As we know, plastic pollution is one of the biggest threats to the future of ecosystems on this planet. As we continue to demand more from the depleting planet, we must act quickly and find new ways to create a narrative that identifies and changes all forms of societal inequalities when talking about plastic pollution. Trying to better our understanding of environmental issues can be very difficult, especially as the language is often complex, top down and this excludes too many voices, mainly the people and environments most impacted.
We must also try to understand how other living organisms are dealing with microplastics in the sea, on the land and in the air.

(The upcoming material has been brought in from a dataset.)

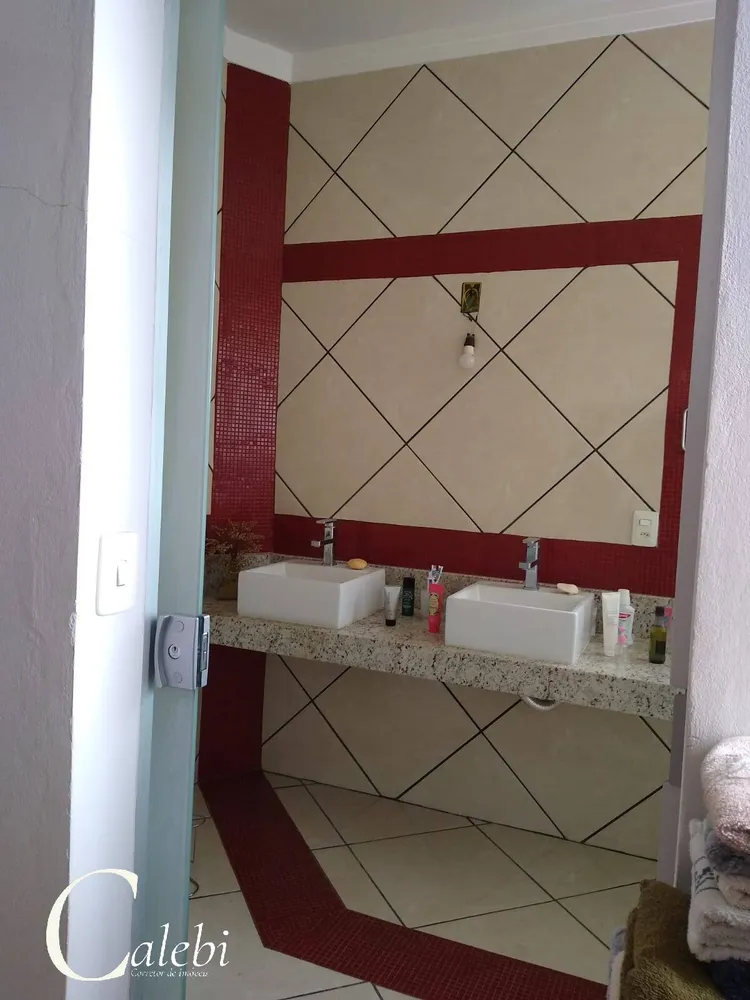 Sobrado, 237 m² - Foto 2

What can we learn from listening to the natural world's response to plastic? How can we communicate this research in playful, understandable, engaging, emotional, inclusive and unusual ways? This is what I am hoping to find out, I will share my research and process on this blog.

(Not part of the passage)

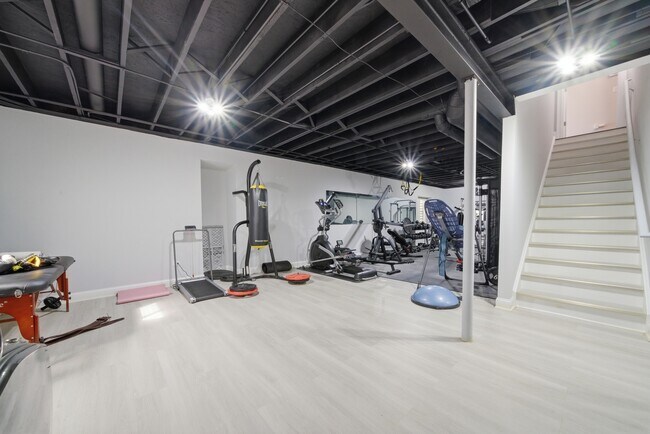 Building Photo - 7814 Brookbank Rd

Plastic pollution and the underground internet
My research begins by exploring land pollution, focusing on plastic pollution. Due to the unnatural form and lack of degradability of plastic, it has become a major environmental polluter and global health hazard. FYI Coca-cola is the world's worst plastic polluter! Microplastics are now to be found in the air we breathe, the produce we consume and the water we drink. Microplastics have been found on top of some of the world's highest mountains and deep in the Mariana Trench (the deepest part of the ocean) which is 7 miles deep! How are living organisms adapting to this polluting intruder, and what is the impact of plastic doing to human chemical makeup and behavior?
Plastic is made from natural gas, crude oil, coal and is found across all parts of our supply chain; from packaging our food, making household items, or fabricating vehicles, plastic is everywhere! This human-made micro-polluter is having a macro impact on all of our ecosystems, which in turn is impacting the water we drink, the food we eat, our mental and physical health and the way communities and individuals are adapting and living throughout the world. Our reliance on plastic is absolutely huge and for me this is scary.
We have all seen the heartbreaking images of animals wrapped in plastic bags, birds dying after ingesting plastic after thinking it was food. This is the awful reality that makes many of us feel guilty and helpless. This will only get worse if we carry on as we are doing right now. However, there is also another reality that even some of the world's leading scientists have described as hardly touched. Beneath our feet is a whole wood wide web of communication that we are yet to tap into and fully understand. The ground we walk on actually regulates the temperature and air quality of the planet, this is because it is a living network of insects, roots, fungus, algae that work together in a symbiotic manner.
My inquiry has started to understand the biological aspects of common mycelium networks - the underground internet. By exploring the symbiotic relationships in this subterrarium world, the aim would be to set up some experiments to decode and translate the language and behaviors of this network. This initial data collected from the underground experiments will map out ways to communicate complex environmental research through unusual art experiences using advances in sound and visual technologies such as spatial sound and projection mapping.
I have become fascinated with common mycelium networks and the way they communicate underground. All this exchange of information (e.g symbiont recognition, quorum sensing, allelopathy) is thought to be chemical in nature, and people's impression of soil is that it is dark and quiet, this is not the case.
There is a specific type of fungi that has been discovered and isolated from a waste disposal site located in Islamabad, Pakistan. This fungus can break down plastic. After speaking with mycologists from The International Biodeterioration Biodegradation Society, Cranfield University, UWE and the British Mycological Society it has become clear that there are many other microorganisms that are capable of breaking down plastics (at least to some extent). My initial research has led me to try and understand how micro-plastics are impacting the communication of sub terrarium microorganisms and how we might capture this behaviour change.